In the general case you need to translate between MLIR and NP offsets similarly as you do for strides.
I tried setting this to multiple different values and it worked. If offset is represented as a number of elements in MLIR, then the offset should be 1. Similarly, it should be 1 * nparray.itemsize while converting back to NumPy from memrefs world.
I am unclear what "it worked" means in the absence of more context on what you tried?
Please note that lowering will do the right thing in the static case here: https://github.com/llvm/llvm-project/blob/main/mlir/lib/Conversion/StandardToLLVM/StandardToLLVM.cpp#L3399.
For instance, this commit will fail with an offset different than 0 (at runtime, in this case I hardcoded 0 for expediency while awaiting for this PR to land) : https://github.com/google/iree-llvm-sandbox/commit/87015b29c5f7cbc445bd85e1ce4a5d7597e80361.
The underlying reason is that after tiling, the offset becomes dependence on the loop IV (i.e. the memref has a static ? in its type) and then the dynamic branch of the StandardToLLVM.cpp will kick in.
@mehdi_amini not yet, the author should at the very least set the 2 offsets to 0 to as described in the commit message of https://github.com/google/iree-llvm-sandbox/commit/87015b29c5f7cbc445bd85e1ce4a5d7597e80361, so that it passes without crashing.
I'm fine with iterating in-tree once that is fixed.
I don't quite indeed this x.offset = ctypes.c_longlong(4)?

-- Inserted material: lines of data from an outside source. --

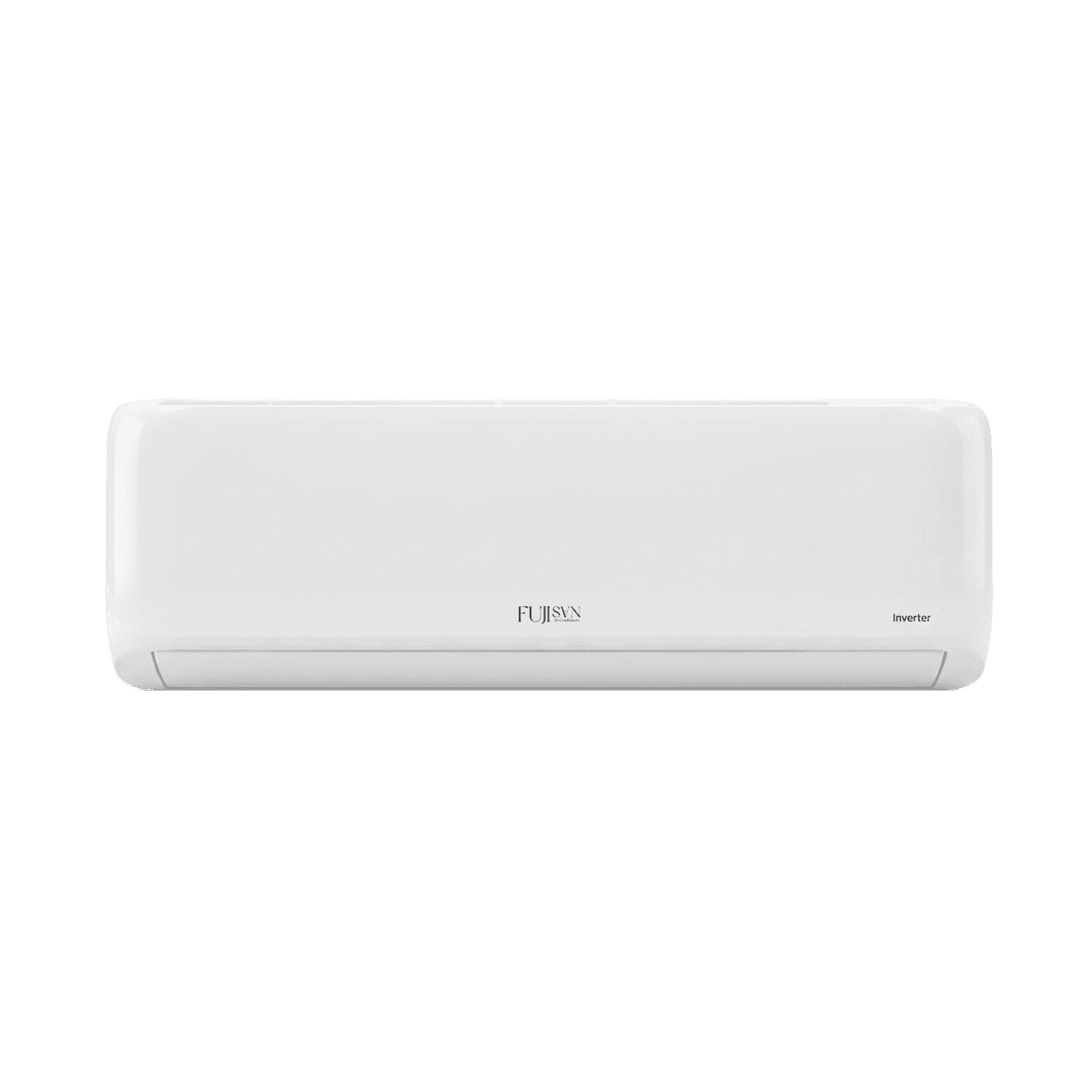 Aura 12000 BTU/h
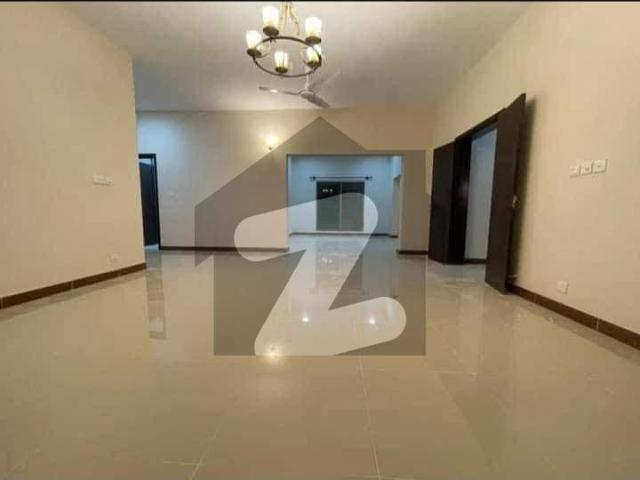 Chance Deal Brigadier Bungalow For Sale In Askari 6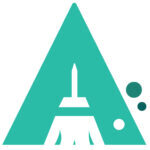 A-Logo-01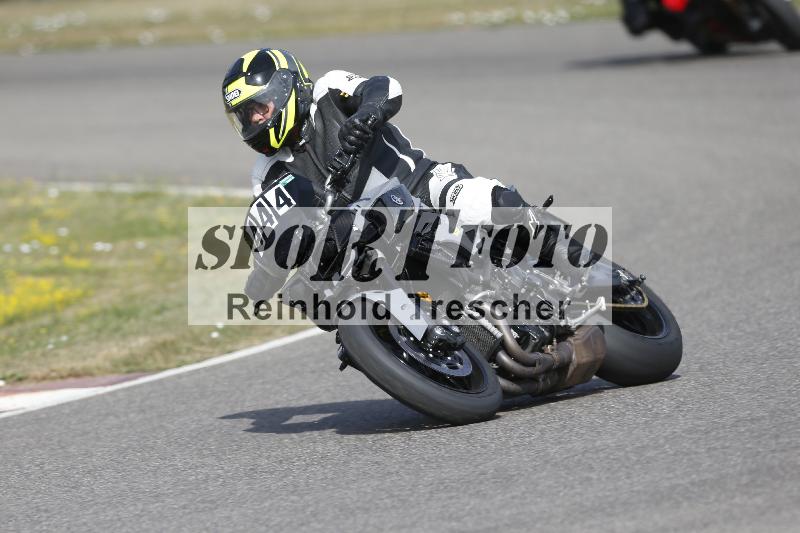 /37 09.08.2026  Pluess Motosport ADR/Freies Fahren/444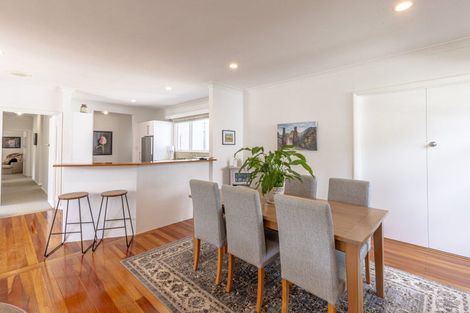 Photo of property in 13 Porritt Street, Saint Johns Hill, Whanganui, 4500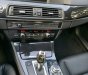 BMW 5 Series  528i   2010 - Cần bán lại xe BMW 5 Series 528i đời 2010, nhập khẩu nguyên chiếc 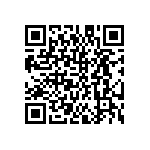 DW-35-15-L-D-400 QRCode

Shouldn't it always be zero? I suspect Numpy is baking the offset into the pointer we get with nparray.ctypes.data_as.
@mehdi_amini indeed, in https://numpy.org/doc/stable/reference/generated/numpy.ndarray.html we can see:
>>> np.ndarray((2,), buffer=np.array([1,2,3]), ... offset=np.int_().itemsize, ... dtype=int) # offset = 1*itemsize, i.e. skip first element array([2, 3])
as well as the default = 0 for offset:
class numpy.ndarray(shape, dtype=float, buffer=None, offset=0, strides=None, order=None)[source]¶
0 is the right value to use for now.
When we do morer fancy numpy / linalg level subviews etc it will be a different story; but for now anything else than 0 will crash non-trivial cases.
Right, but the ctypes interface does not expose the offset, so I wonder if in such cases the offset that you provide on construction will not just be computed in the "data" field internally (I could check the source code for ndarray...)
It supports a subset of cases (e.g. anything that takes subviews and crosses the NP -> MLIR or MLIR -> NP boundary should be considered broken atm).
+1 on adding a simple mixed static / dynamic 2-D add and compare against NP's.